Pourtant, Juno, comme les autres cryptomonnaies, dispose d'un procédé afin d'éviter une telle erreur. Juno est une crypto Proof of Stake (PoS, «preuve de participation» en français), c'est-à-dire que plutôt que de mineurs, elle dispose de validateurs, qui doivent surveiller les transactions passant sur la blockchain en échange d'une rémunération, à hauteur du capital qu'ils ont investi sur ladite blockchain.

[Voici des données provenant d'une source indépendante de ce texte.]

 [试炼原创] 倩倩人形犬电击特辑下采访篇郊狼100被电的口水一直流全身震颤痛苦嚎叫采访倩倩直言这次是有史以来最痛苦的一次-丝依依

Où étaient alors ces validateurs? D'après CNET, ils étaient bien là, puisque la transaction ratée a été vérifiée par pas moins de 125 d'entre eux. Aucun n'a pensé à vérifier que l'adresse du destinataire était correcte, et tous ont donc voté pour approuver la transaction. Pas vraiment une bonne vitrine pour la sécurité de Juno.
L'ennui d'un système décentralisé est que, contrairement à une transaction classique, aucune banque n'est là pour récupérer l'argent versé par erreur, et chaque mouvement financier est théoriquement irréversible.
Les développeurs assurent qu'ils pourront récupérer la somme avec un nouveau vote, mais cela commence à faire beaucoup pour une décision censée être extraordinaire et un système vendu comme parfaitement sécurisé.